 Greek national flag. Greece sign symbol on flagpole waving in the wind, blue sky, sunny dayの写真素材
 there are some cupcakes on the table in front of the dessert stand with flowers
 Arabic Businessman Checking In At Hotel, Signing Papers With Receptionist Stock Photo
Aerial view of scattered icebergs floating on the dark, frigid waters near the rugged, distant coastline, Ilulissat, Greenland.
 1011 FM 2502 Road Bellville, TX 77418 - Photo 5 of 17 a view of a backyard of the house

- - - - - - -

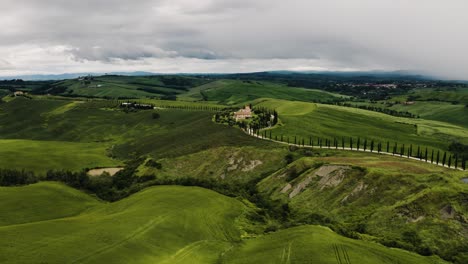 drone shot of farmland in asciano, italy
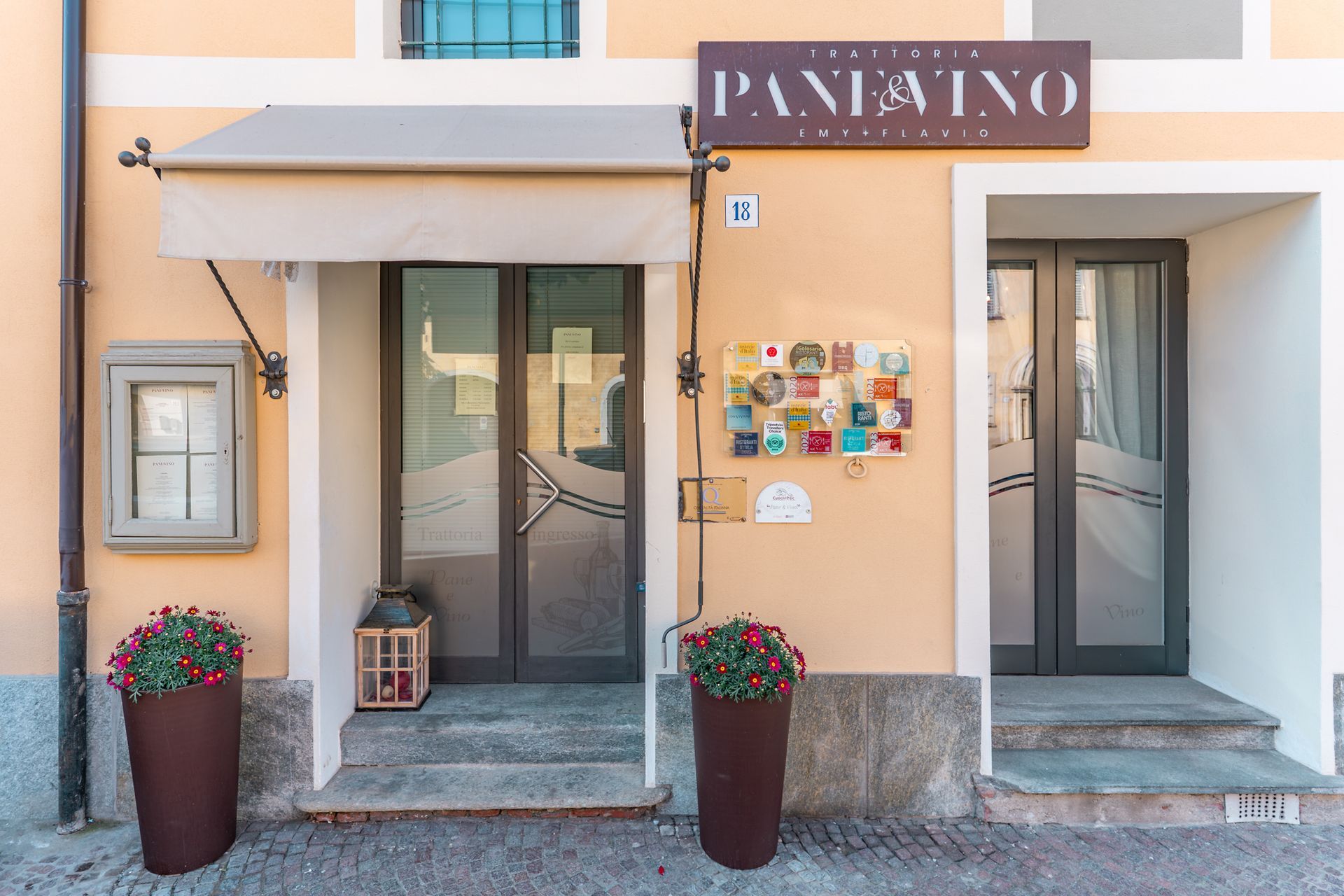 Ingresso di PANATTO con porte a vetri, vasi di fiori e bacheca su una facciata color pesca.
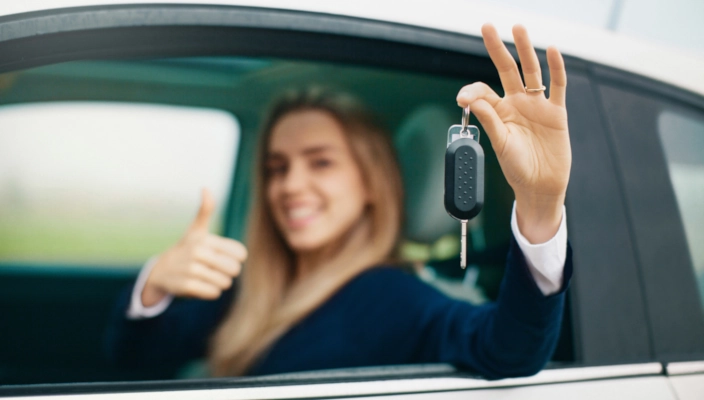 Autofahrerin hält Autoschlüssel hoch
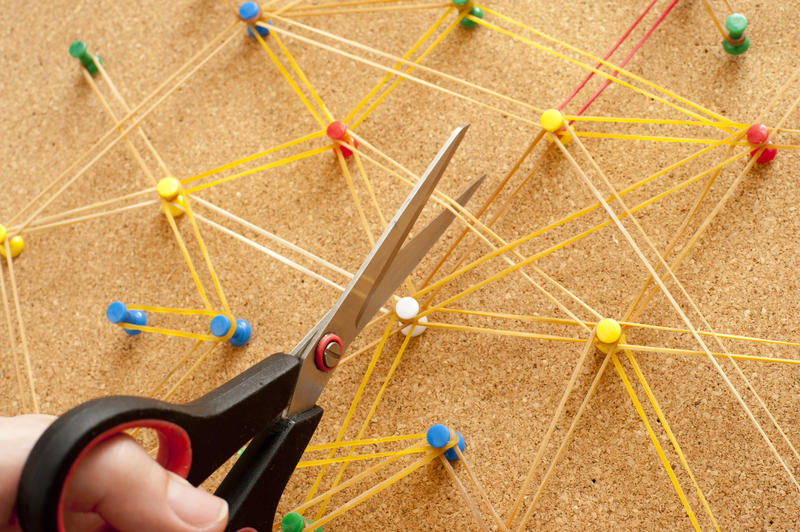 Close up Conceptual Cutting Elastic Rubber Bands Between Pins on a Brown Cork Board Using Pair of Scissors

- - - - - - -

[Your task] Find the word "view" in the listing and copy each line that contains it.

[Output below]
Aerial view of scattered icebergs floating on the dark, frigid waters near the rugged, distant coastline, Ilulissat, Greenland.
 1011 FM 2502 Road Bellville, TX 77418 - Photo 5 of 17 a view of a backyard of the house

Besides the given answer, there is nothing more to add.